Stock Groups

3 Things to Watch -Breaking

[ad_1]

© Reuters

By Dhirendra Tripathi

Investing.com — Thursday’s stock market wobble was due to tech slowing down, despite data showing that inflation could have slowed.

The December 0.2% increase in producer prices was after the 0.8% gain seen the month prior. There were signs that the supply chain problems experienced since the fall had begun to improve. The increase in confidence reflects the fact that the worst of this price spike is over. This also explains why the Omicron variation surge of Covid in the U.S. seems to have stalled. 

Producer prices rose 9.7% in the past year but was below analysts’ expectations for a jump 9.8% according to Reuters.

It’s earnings season yet again, with companies will reporting results on the final quarter of 2021 in the coming weeks.
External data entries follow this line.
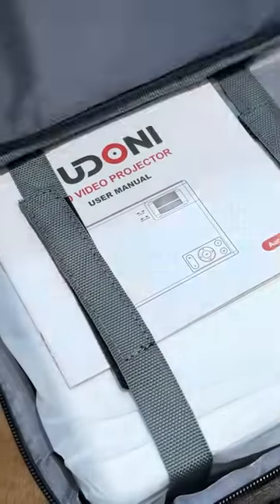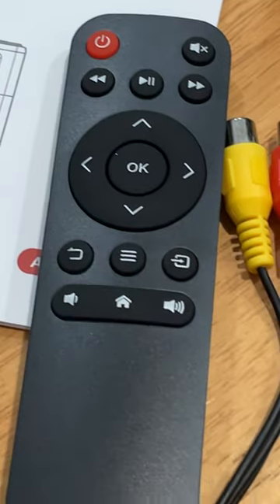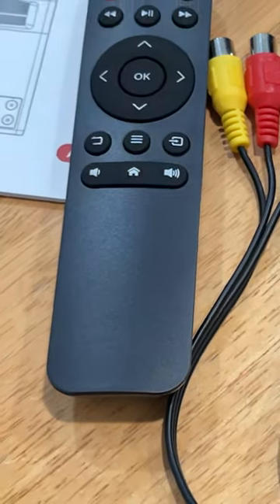Also with this unit, it did include the carrying case, along with an AV cable, an HDMI, and the power adapter. So if you're looking for an inexpensive but still good-looking picture and high-quality projector, the Fidoni may be one that you want to check out.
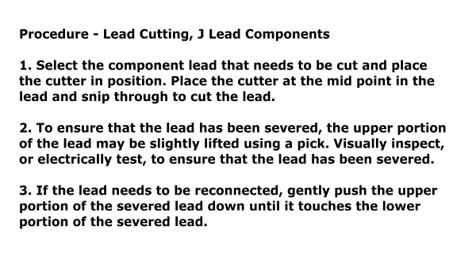Procedure: Lead Cutting — J-Lead Components. Step 1: Select the component lead that needs to be cut and place the cutter in position. Place the cutter at the midpoint in the lead and snip through to cut the lead.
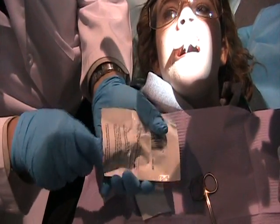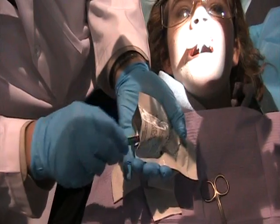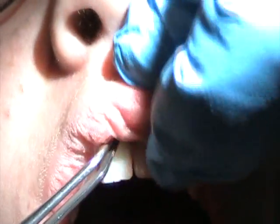Dr. Nure is putting on the Hemcon. How do you remember? And then I need a moist 2x2, please. That's a moist 2x2 he's using, right? Hold it for about one minute.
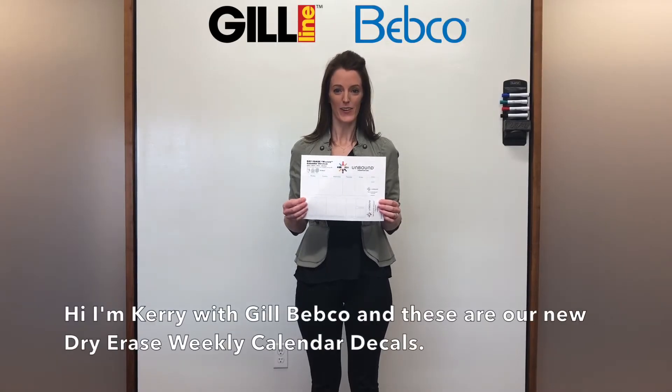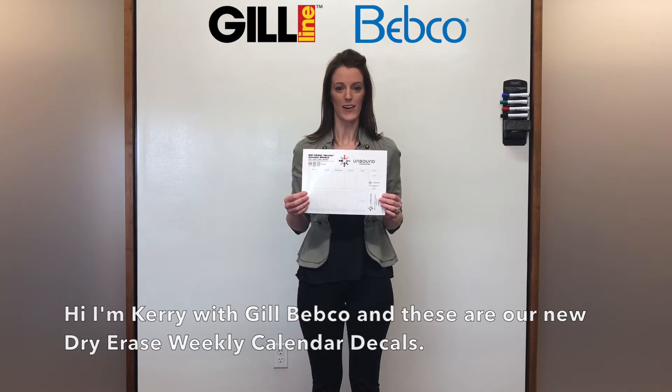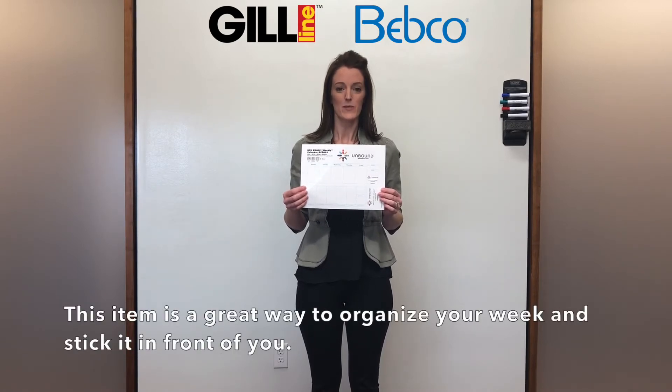Hi, I'm Carrie with Gil Bebco, and these are our new Dry Erase Weekly Calendar decals. This item is a great way to organize your week and stick it in front of you.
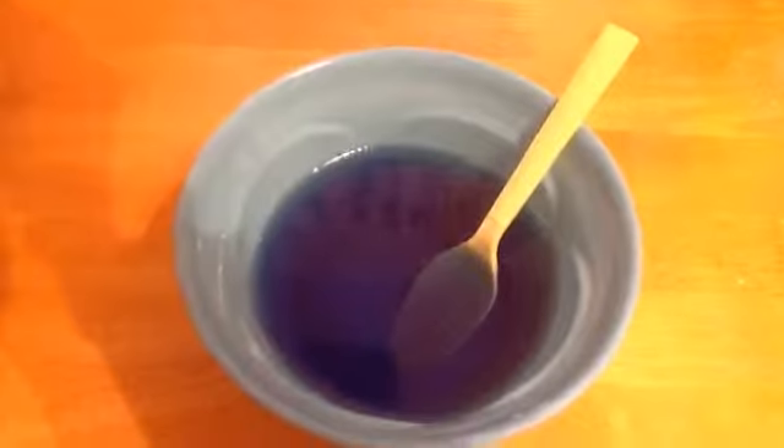The more you mix it, the darker it will be. Now put that bowl to the side and grab your other one.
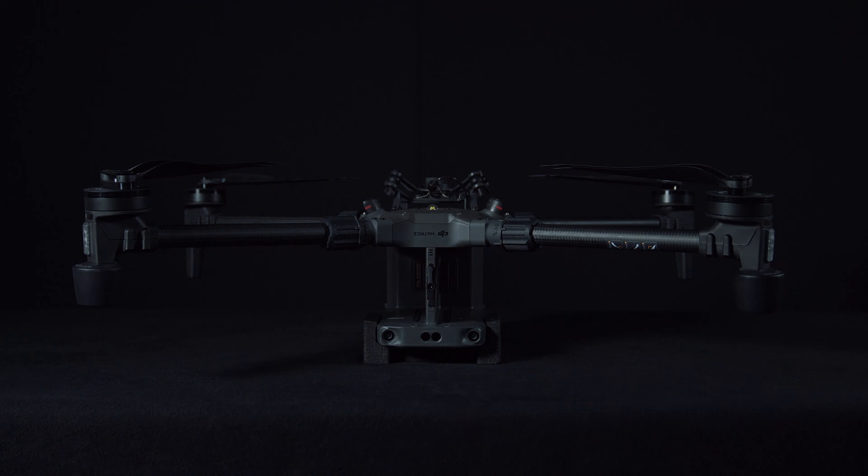In this video we'll look at mounting the P3 payload to the DJI M300.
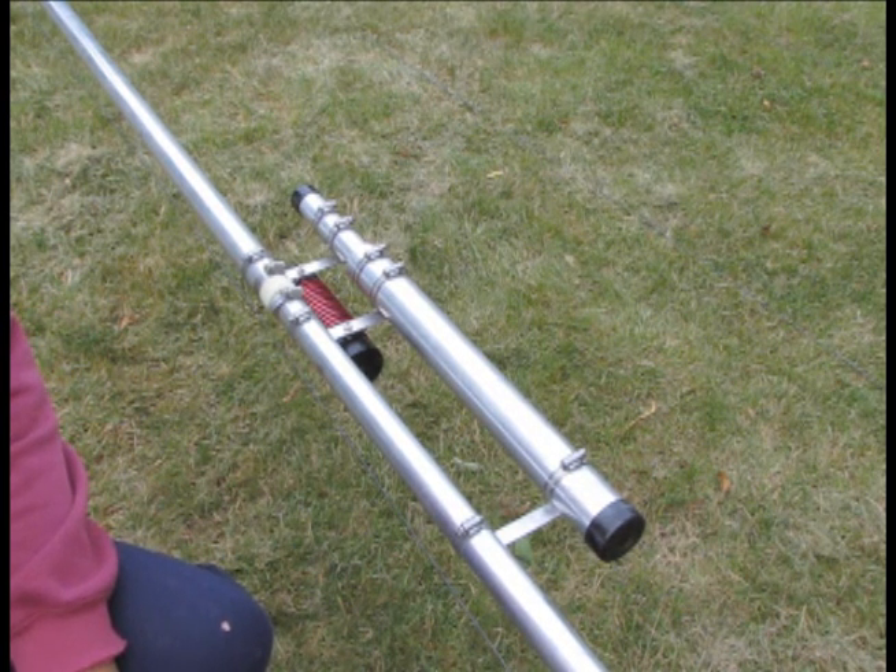You might want to consider that as a possibility when you put your antenna together. Everything's tight. Everything's been coated with penetrox, and we're all ready to raise the antenna. We'll move the camera back and crank it up and see what it looks like.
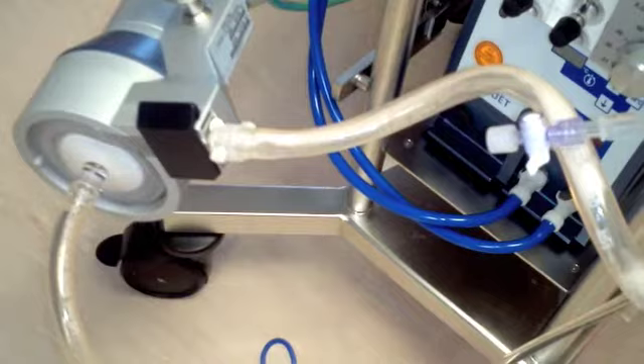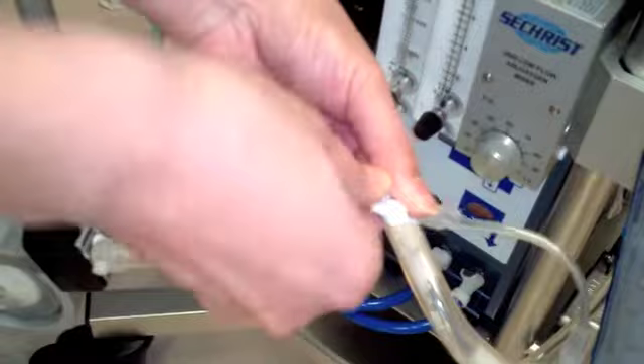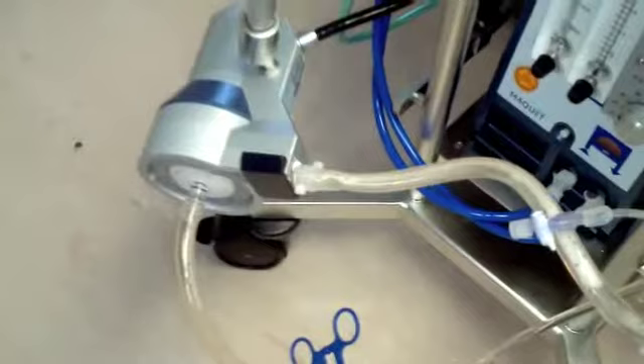As you can see, air is gradually collected in the priming bag. This will ensure that any air bubbles will be removed. Don't forget to prime the extension lines also. Air bubbles are still found in the circuit, and that means the priming is not yet completed. Make sure that there should be no bubbles in the tubings.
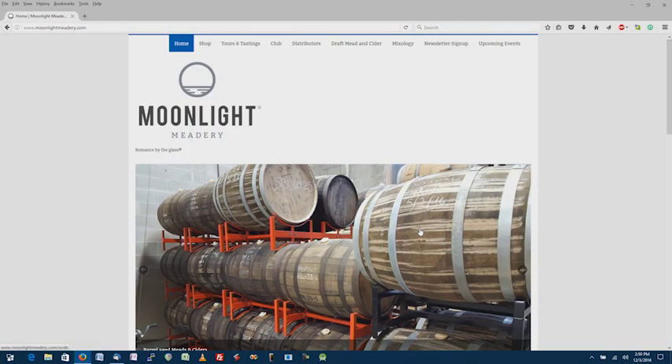Michael, thank you again for being on the show. If you ever want to do a cider talk, we can do something there too. And I'm getting ready to make some mead next week — very excited. Today my guest was Michael Fairbrother, CEO of Moonlight Meadery. You can find all about his meads at MoonlightMeadery.com.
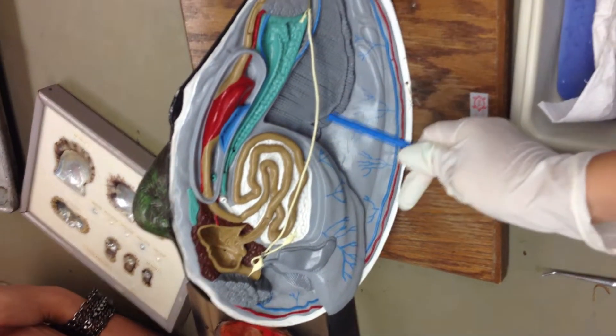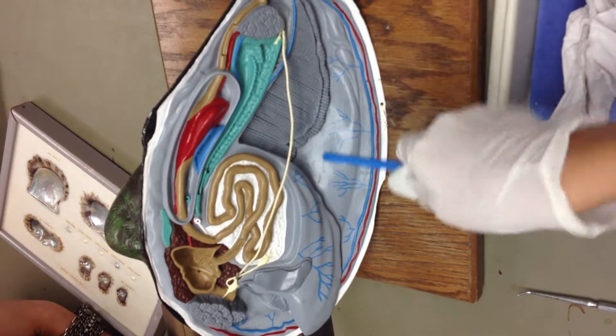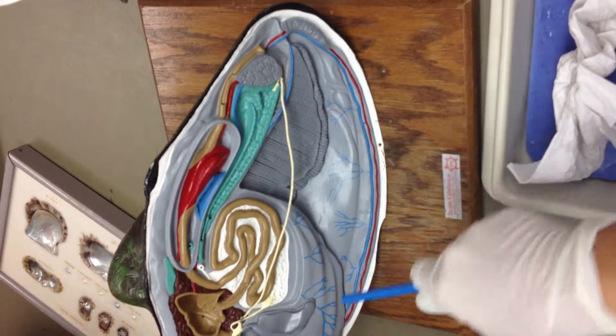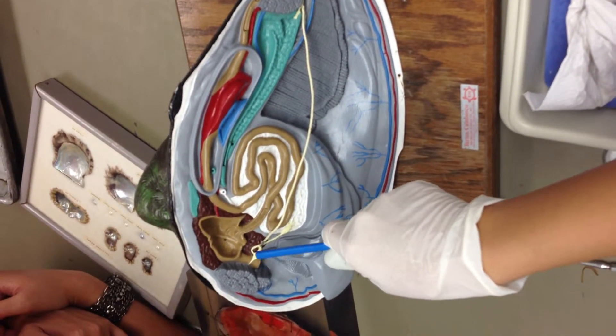This stringy thing is your ventral nerve cord. That's your gills, foot, oral palp, and supposedly that's your ganglion.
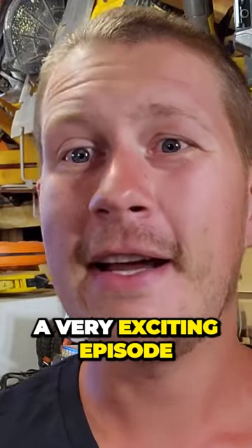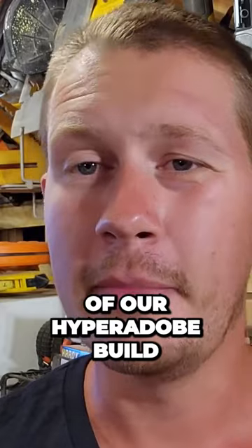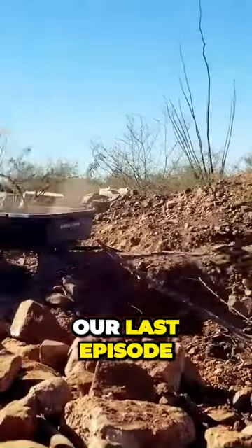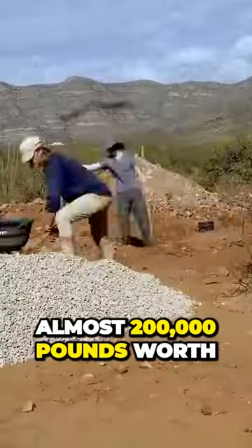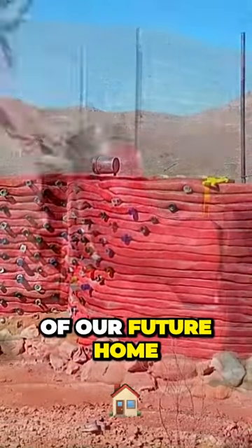This week we have a very exciting episode for you guys. This is part two of our Hyper Adobe build. Last episode we took almost 200,000 pounds worth of dirt, packed them into bags, and made the shell of our future home.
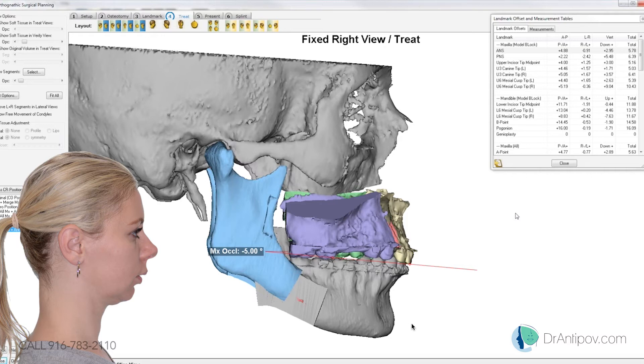So we'll come forward 4 and down 3 at the incisal edge. The right molar, we're coming down 9. The left molar, we're coming down about 2 and a half. And if we look at the mandible, we're coming forward 12 at the lower incisors and 16 at Pogonion.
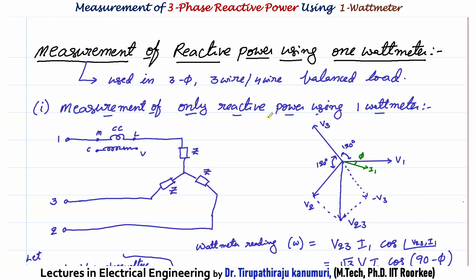First, let us start with the measurement of reactive power only using the 1 wattmeter method. The current coil is connected in one of the phases — let us assume phase A. Since the load is balanced, all phases have the same impedance, meaning the current in all phases is the same, I1 = I. The pressure coil is connected between the remaining two phases — in this case between phase 2 and phase 3. So the pressure coil measures the voltage between 2 and 3.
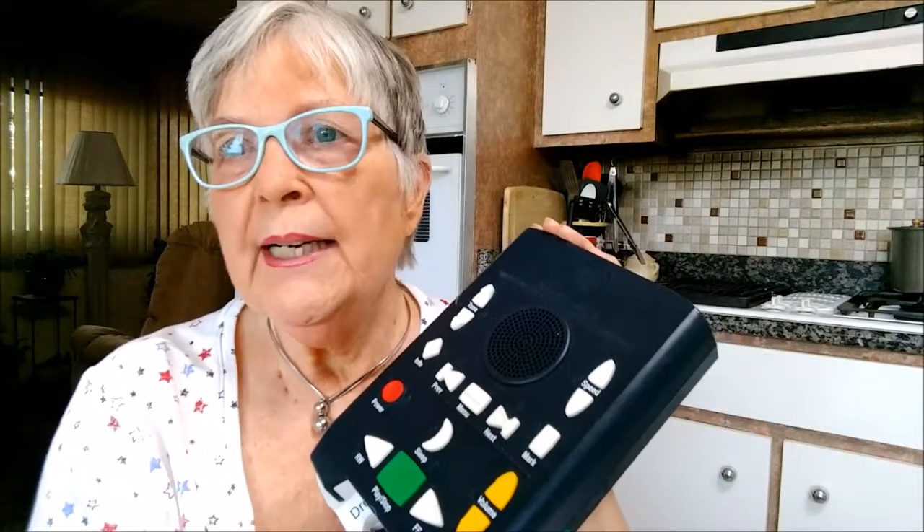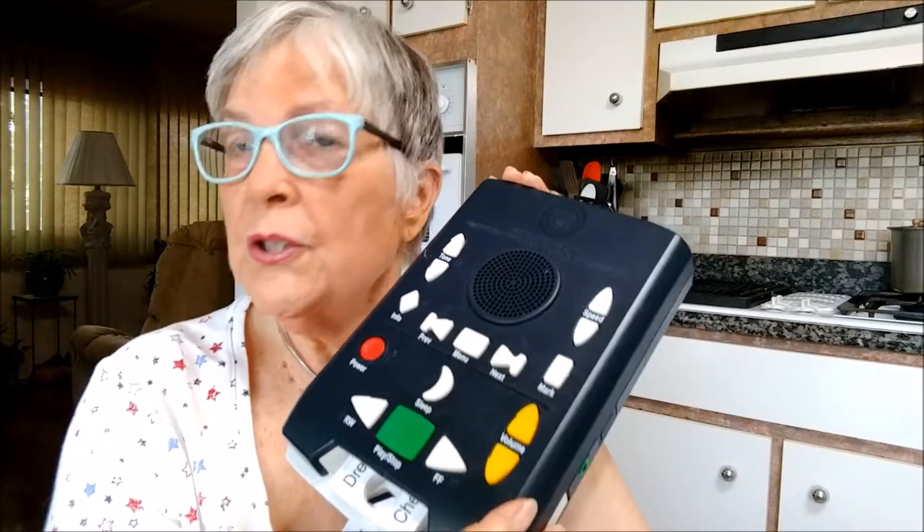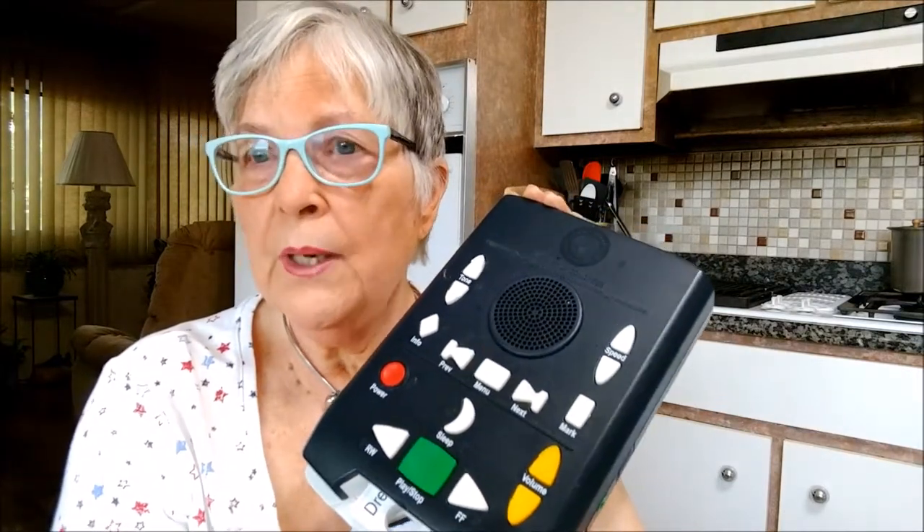They've been around a long time, and through them they have provided for vision-impaired people for at least the last 30 to 40 years. This is their latest, newest technique, which took them about 10 years to develop and is quite sophisticated.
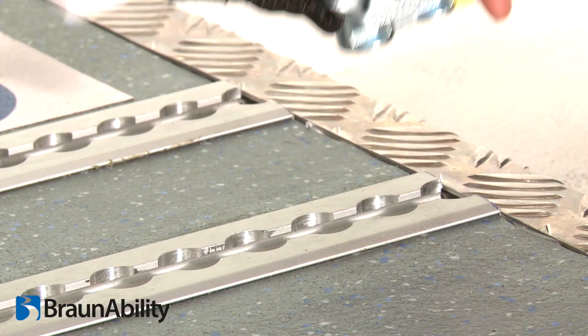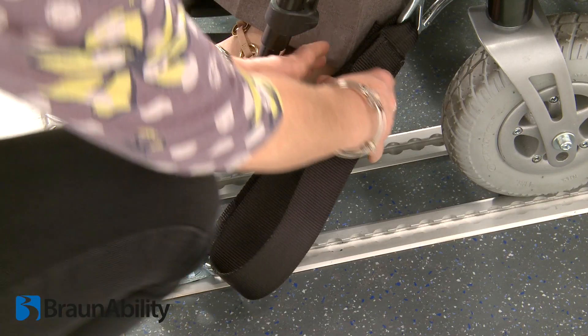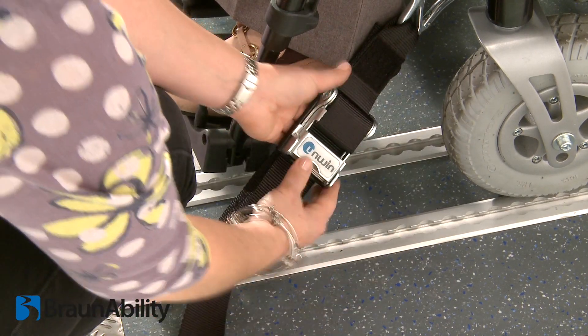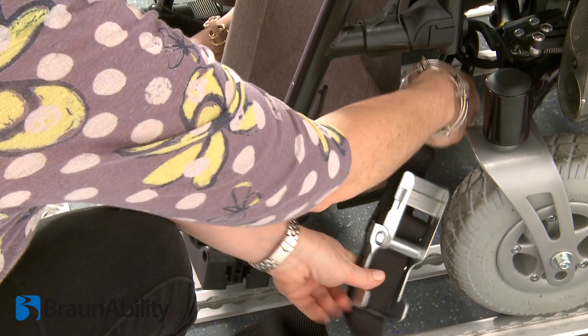Lift the yellow retaining clip fully and pull away from the wheelchair to remove the front straps from the rail. Repeat the procedure with the opposite tie-down and store safely.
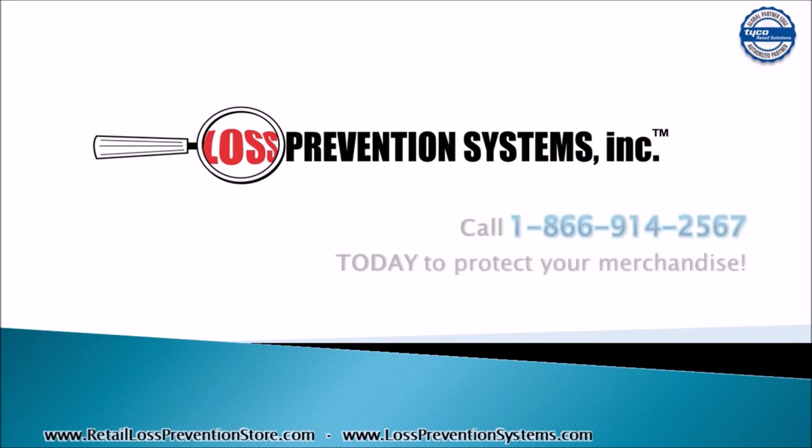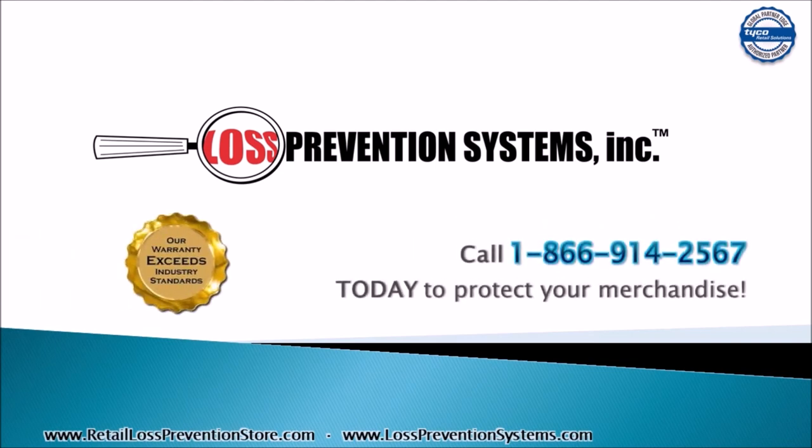For additional information on the Tyco Sensormatic RF 40x40mm roll label, contact Loss Prevention Systems today. Thank you so much for watching.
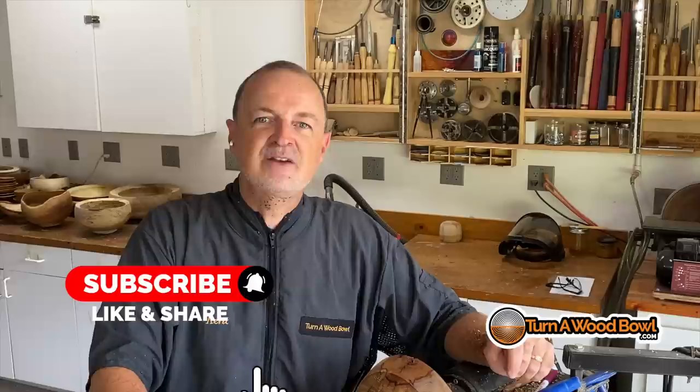Let me know if these tips have helped you. Do me a favor — leave a comment below, click that like button, and subscribe if you're not already subscribing. I've got tons of videos coming your way, and if you click that subscribe button you'll be notified when new videos come out. So until next time, happy turning.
According to IBES data from Refinitiv and Reuters, the year-over-year earnings growth of companies was expected to be less in the fourth quarter than the previous three, but it still stood at 22.4%.

The big banks will kick off Friday just in time for Wall Street’s three-day weekend. Martin Luther King Jr. Day will see the stock market close on Monday.

These are the three factors that will impact markets tomorrow.

1. Earnings from big banks

JPMorgan Chase & Co (NYSE:) leads a wave of big banks reporting on Friday. According to data from Investing.com, analysts expect the bank will announce a fourth quarter profit per share (EPS) of $3 on revenues of $29.87 trillion. Analysts will listen to executives’ views on business, consumer borrowing, and the state of the economy.

2. Retail sales

Analysts at Investing.com predict that December’s sales will fall 0.1% month over month after increasing 0.3% from October to November. Omicron may have impacted holiday sales due to people shopping earlier for Christmas gifts in fall because they were afraid of running out. These numbers are available at 8:30 AM ET.

3. Michigan sentiment

The preliminary reading of the U.S.for January, as reflected in the University of Michigan’s Consumer Sentiment Index, is seen deteriorating slightly to 70 from December’s 70.6. Last month’s final figures followed a decade low of 67.4 in November.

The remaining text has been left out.